◆ Raw data
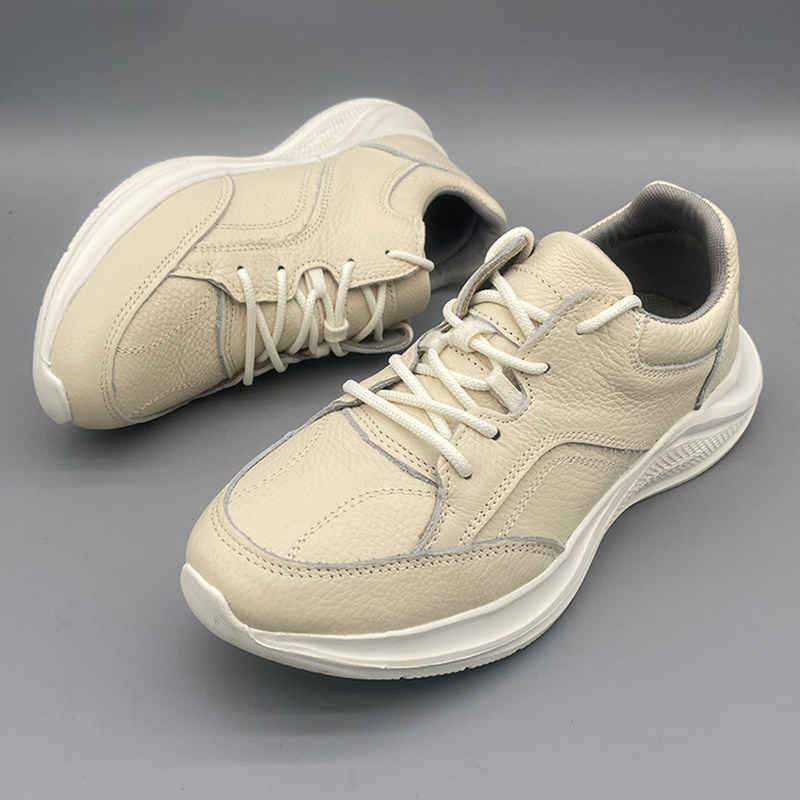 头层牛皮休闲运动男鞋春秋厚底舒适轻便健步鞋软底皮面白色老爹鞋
...
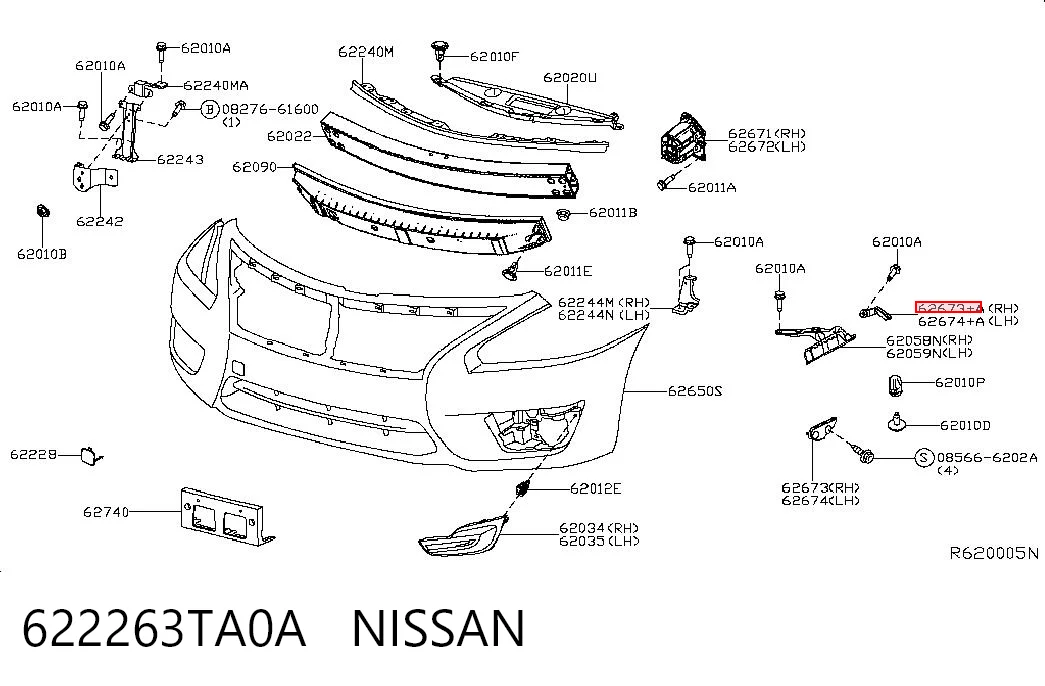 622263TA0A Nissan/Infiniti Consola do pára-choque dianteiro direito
==
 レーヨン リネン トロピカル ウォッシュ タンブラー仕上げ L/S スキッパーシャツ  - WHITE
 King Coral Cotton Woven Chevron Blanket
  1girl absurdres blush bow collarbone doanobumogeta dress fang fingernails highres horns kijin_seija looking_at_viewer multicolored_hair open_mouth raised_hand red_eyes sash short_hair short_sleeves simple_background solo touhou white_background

◆ What this task involves
With the first line being the one containing "King Coral Cotton Woven Chevron Blanket" and the last line the one containing "1girl absurdres blush", transcribe exactly the lines above that fall in that range.

◆ Answer section
 King Coral Cotton Woven Chevron Blanket
  1girl absurdres blush bow collarbone doanobumogeta dress fang fingernails highres horns kijin_seija looking_at_viewer multicolored_hair open_mouth raised_hand red_eyes sash short_hair short_sleeves simple_background solo touhou white_background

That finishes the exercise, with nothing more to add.